Task directions:
A faithful transcript of all the lines below, with no pictures, is the goal here.

Collected material:
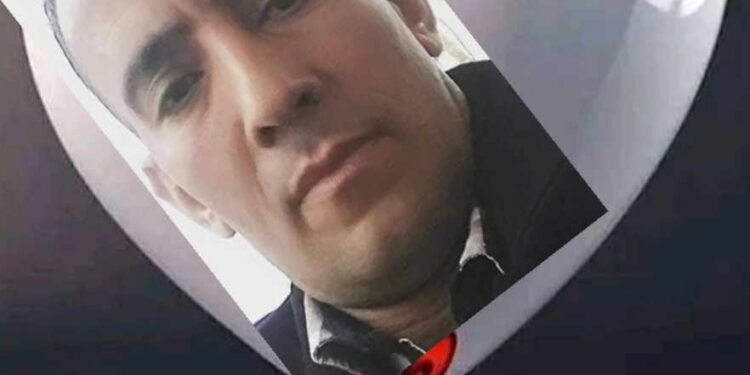 صهيل دواب …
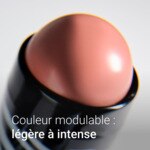 Sisley PHYTO-BLUSH TWIST Blush crème en stick 4 of 5 Blush crème en stick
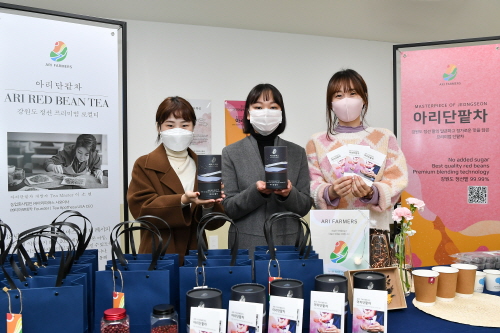 (주)티아포테카 이미지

Finished exercise:
 صهيل دواب …
 Sisley PHYTO-BLUSH TWIST Blush crème en stick 4 of 5 Blush crème en stick
 (주)티아포테카 이미지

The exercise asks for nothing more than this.